Despite 'broken' promises and high stress levels, Tony Blair still has staffroom support, according to a TES survey.
Teachers continue to back Tony Blair even though three out of five of them do not believe the Prime Minister has kept his promise to increase support for schools, a TES Election 2001 poll shows.
More than 80 per cent of the teachers questioned say their job has become more stressful since Mr Blair was elected in 1997 and 91 per cent say he has failed to raise the status of teaching. They believe smaller classes, more non-contact time and less red tape would make them more effective teachers.
But support for Labour remains higher among teacher voters than among the population as a whole.
The TES poll of 501 state and independent-school teachers in England, conducted by FDS International last month, shows that, if a general election were called tomorrow, 54 per cent of teacher-voters would back Tony Blair. This is down from 57 per cent who voted Labour in 1997.
Other polls give Labour 46 per cent backing among the population as a whole, the Tories 34 per cent and the Liberal Democrats 14 per cent.
The Liberal Democrats also win more support among teachers than the country at large.

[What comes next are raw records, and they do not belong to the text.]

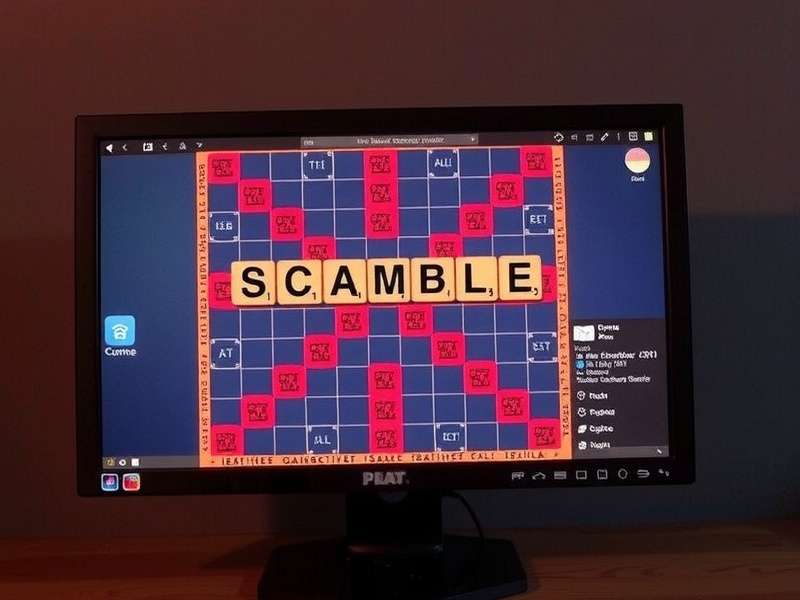 कंप्यूटर के खिलाफ Scrabble खेलते हुए व्यक्ति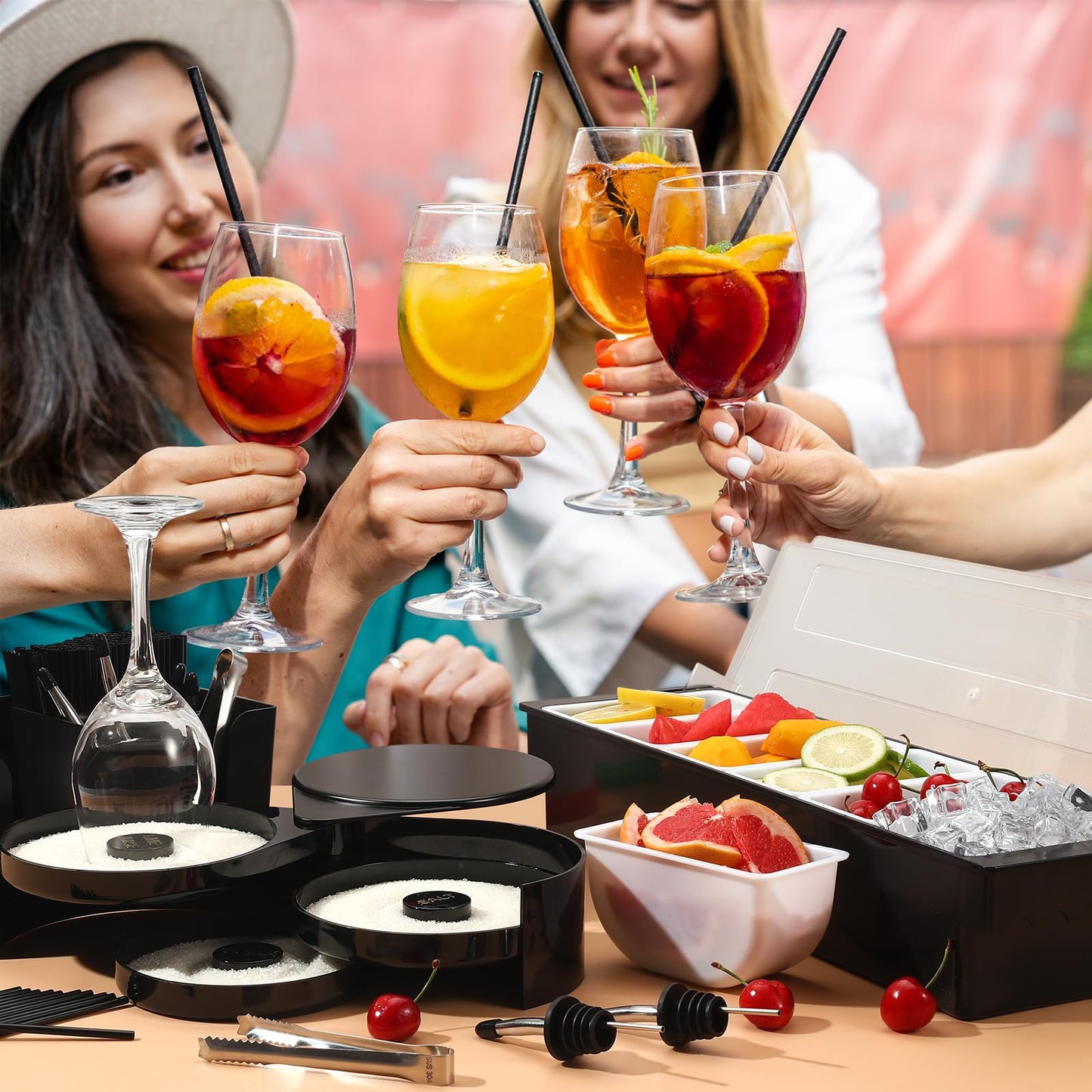 Bartending Supplies - 18" x 12" Bar Mat Garnish Tray with Lid Bar Caddy 3 Tier Bar Glass Rimmer, 2 Plastic Juice Pour Bottles 3 Mini Tongs 12 Classic Liquor Bottle Pourers 500 Cocktail Straws(Clear)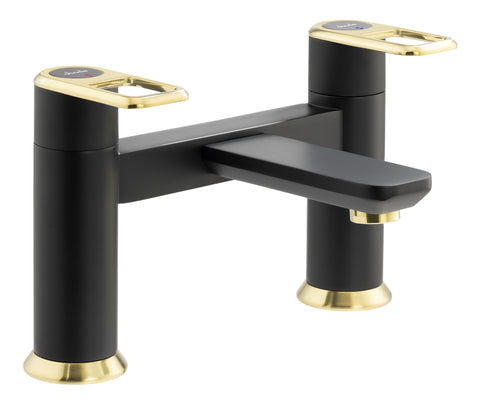 Abode Levarto Deck Mounted Bath Filler - Matt Black & Brass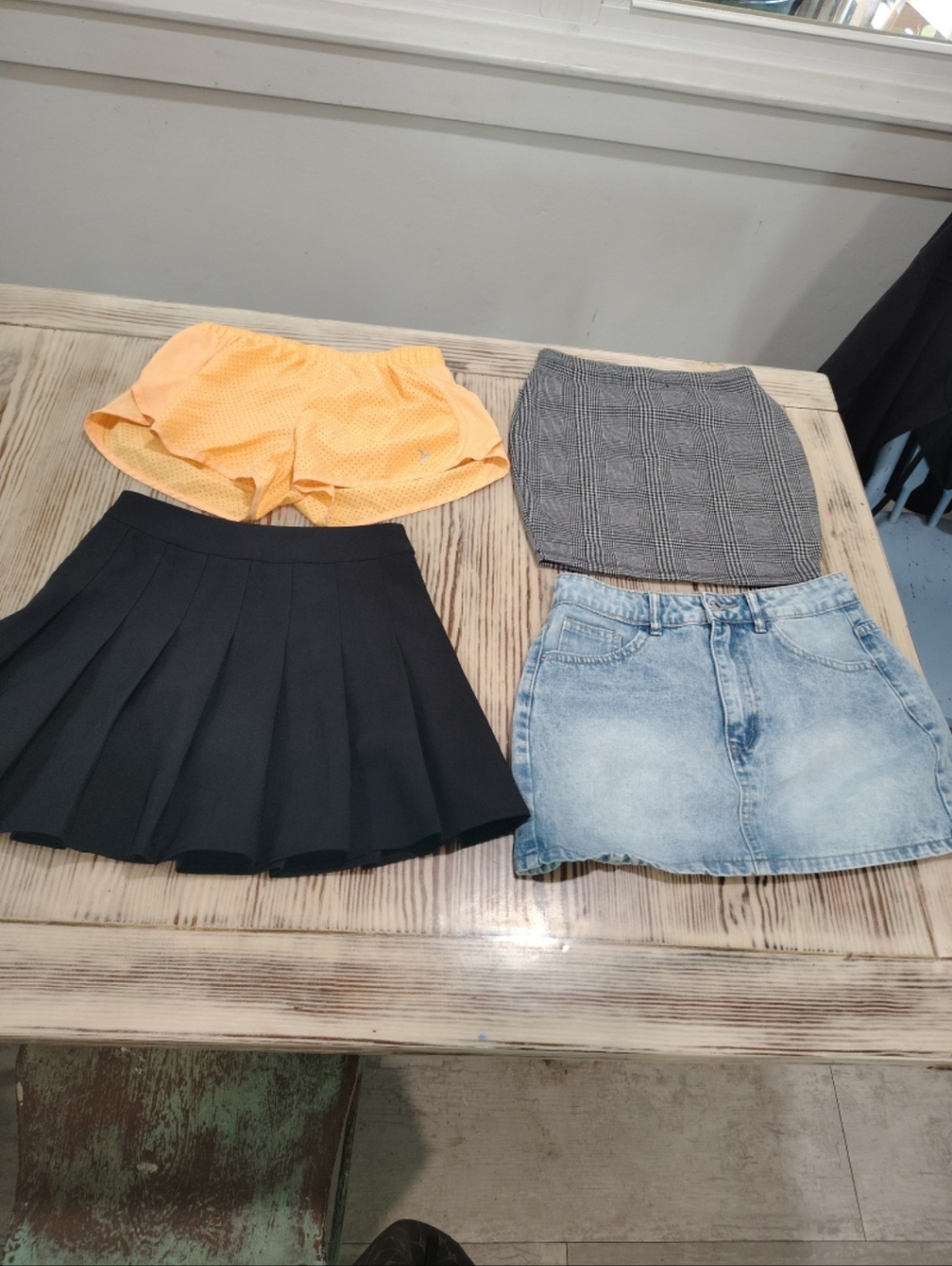 Black Pleated Skirt - jean skirt with pockets, plaid mini skirt orange shorts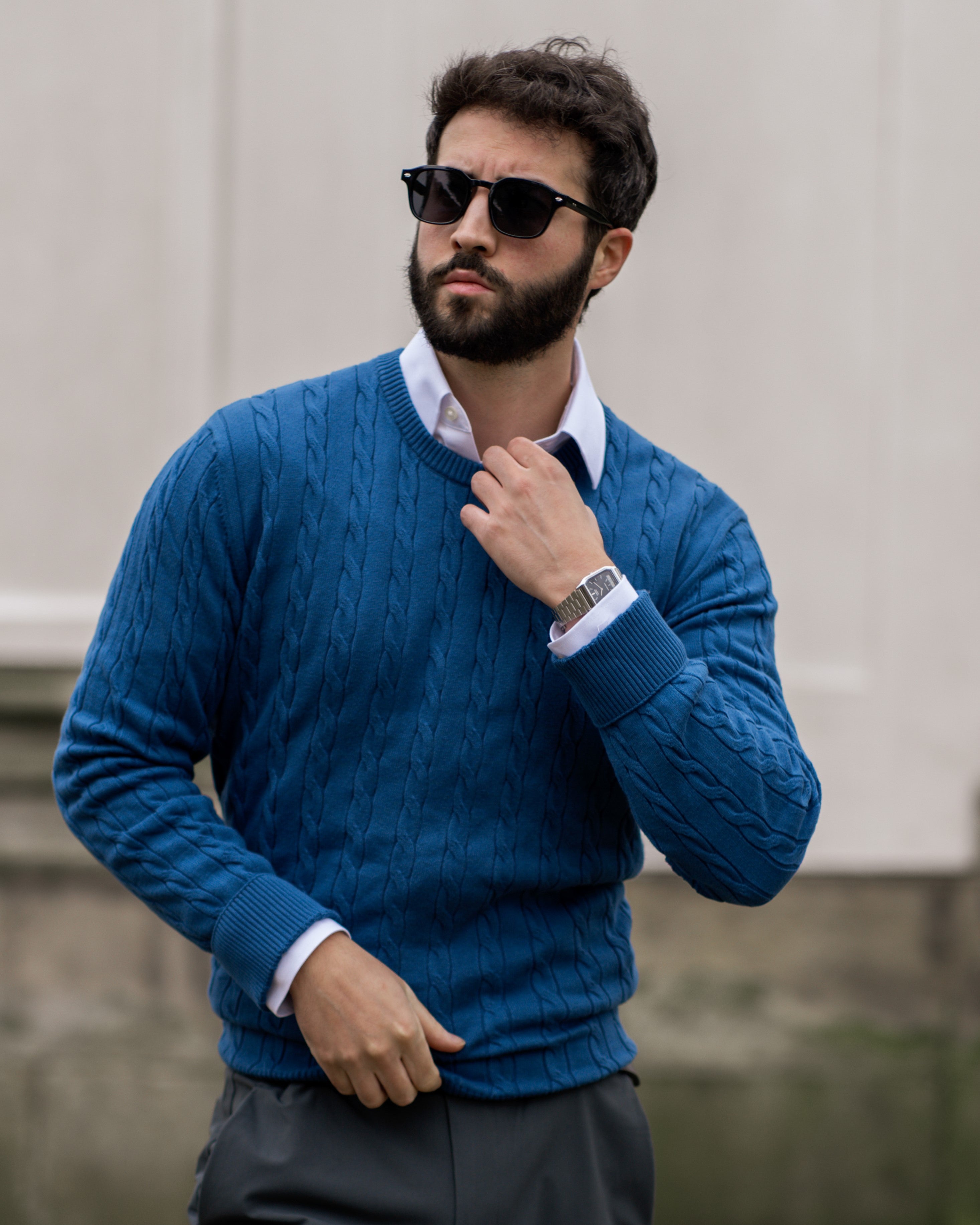 Eleganter Herren Zopfmuster Strickpullover – Hochwertige Baumwolle für Komfort
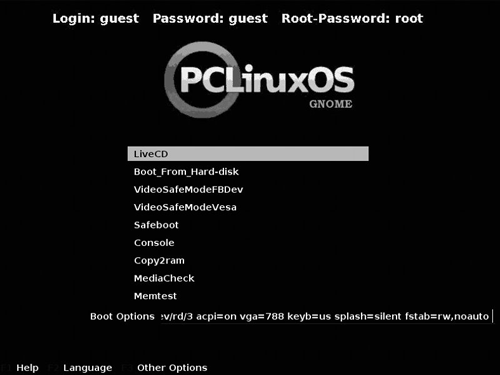 PCLinuxOS-загрузочное меню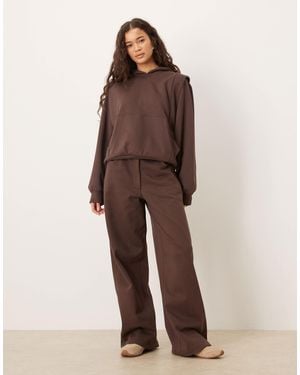 ASOS Circular Design Collection Wide Leg Trackies With Seam Details - Brown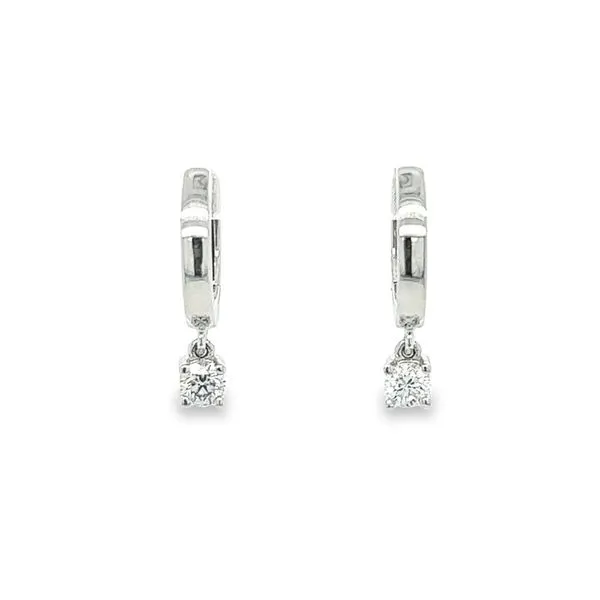 14K White Gold Round Diamond Dangle Hoop Earrings Jo & Co. Jewelers Hardy, VA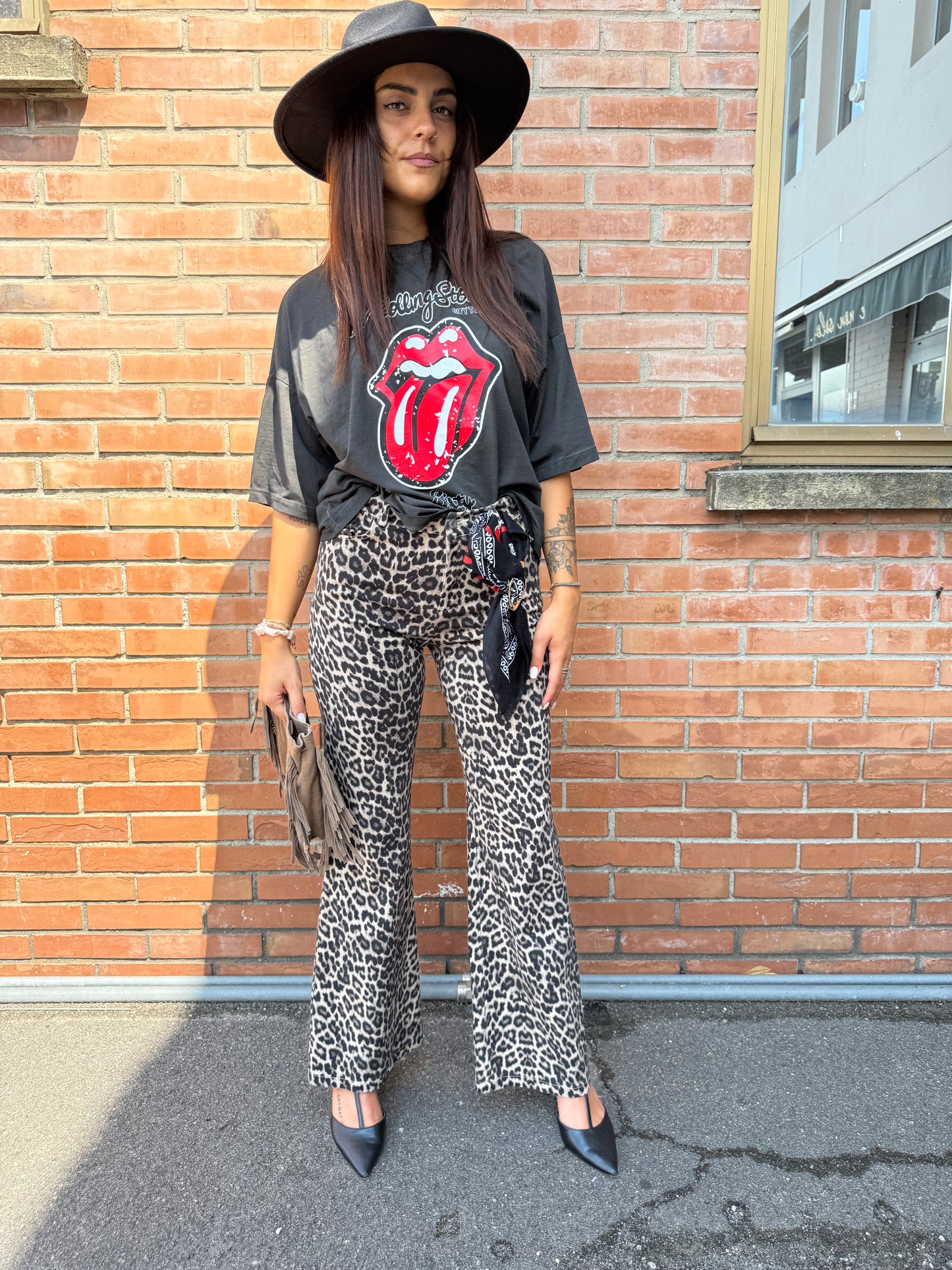 HaveOne T-Shirt Over con Stampa Rock e Roll Grigia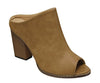 Women's  Willy-2 Peep Toe Chunky Heel Clogs Mules Shoes - Jazame, Inc.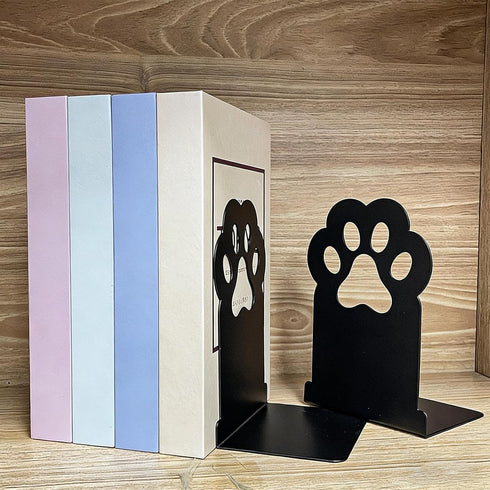 Generic 2 Book Shelf Holder - Pieces Cute Iron Cat Paw Stopper | Modern Book Ends for Desk | for Bedroom Nursery School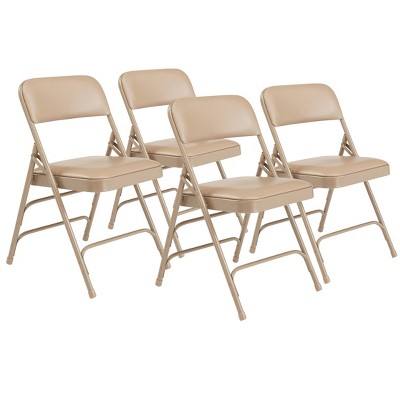 Set Of 4 Premium Vinyl Padded Triple Brace Folding Chairs - Hampden ...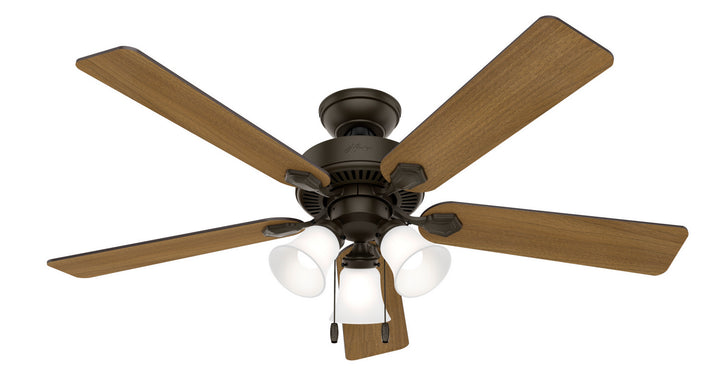 Hunter Fan Swanson 52" Indoor Pull Chain Ceiling Fan with 3 lights 19.5W LED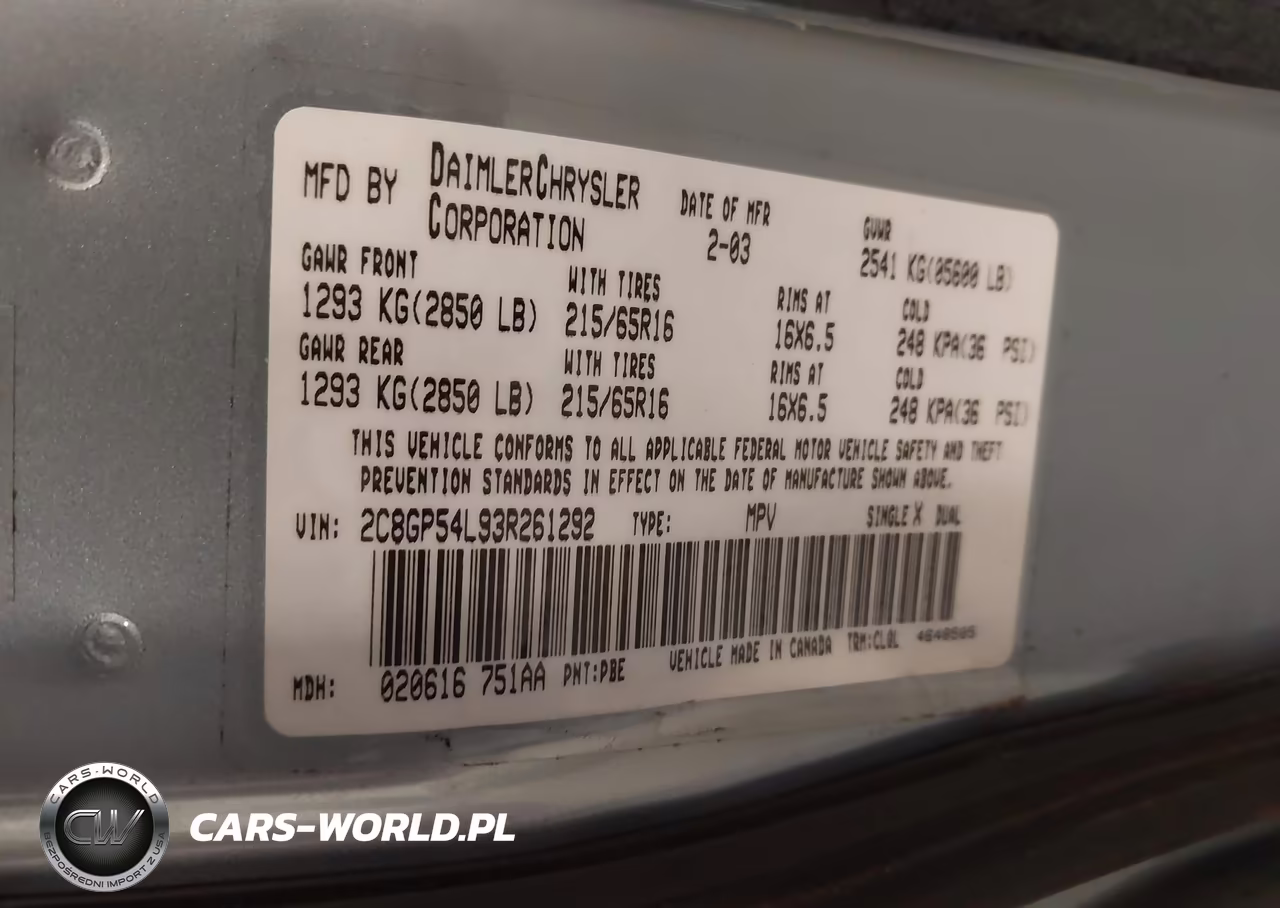 2003 Chrysler Town & Country Lxi VIN:2C8GP54L93R261292 - 9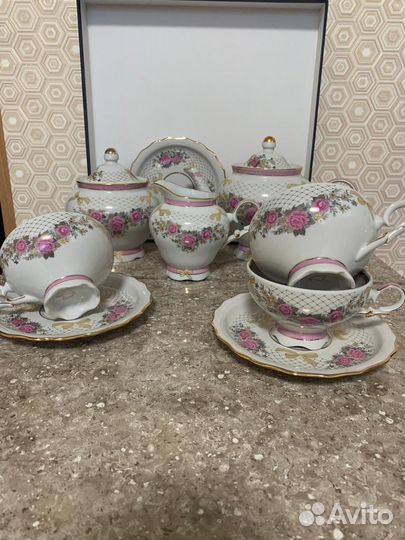 Чайный сервиз Ликино Дулево Чайная роза Агат
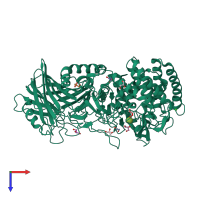 PDB entry 7w2v coloured by chain, top view.
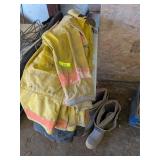 FIREMANS JACKET & 3 PAIRS OF FIRE BOOTS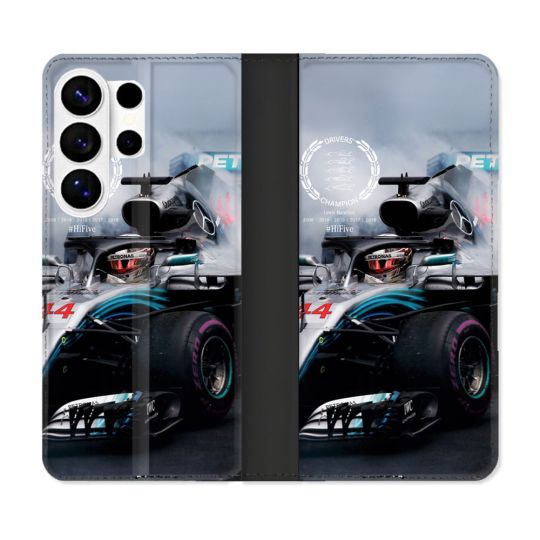 Housse cuir portefeuille Pour Samsung Galaxy S26 Ultra Formule 1 F1 Mercedes Petronas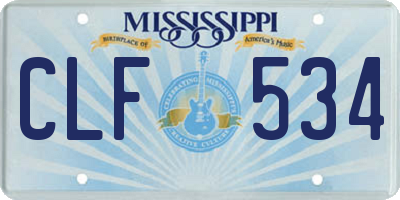 MS license plate CLF534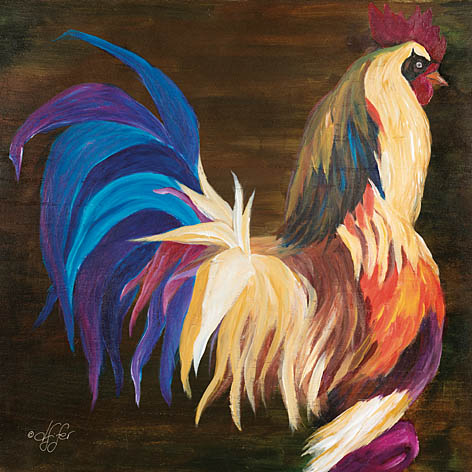 Diane Fifer DF109 - DF109 - Owning It - 12x16 Whimsical, Rooster, Rainbow Colored, Sideview, Barn Wall from Penny Lane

They are backed by 20 per cent of them, as in 1997. The same proportion intendto vote Tory, up from 19 per cent in 1997. Some 69 per cent rejected William Hague's "free school" policies: 25 per cent approved.
But the poll shows teachers do not always vote for the party they believe has the best education policies. Almost four in 10 (37 per cent) had no opinion about who had the best education policies. This figure was particularly high among private-school teachers (46 per cent) and the under 30s (43 per cent).
Most (57 per cent) believed that academic standards had improved since 1997 or stayed the same (34 per cent).
And the majority of those polled thought that the Office for Standards in Education had an important role to play in guaranteeing standards but said it should be reformed.
Around two-thirds of all secondary and primary teachers believe pupil behaviour has worsened since 1997.
Despite this, more than two-thirds (68 per cent) were satisfied with their jobs, with just under a third very satisfied.
Heads and deputies - particularly those in secondaries - were more likely to be satisfied than other teachers.
As for the future? Six out of 10 teachers are fairly or very optimistic about their work even though more than half of those polled would not recommend it as a career to their children.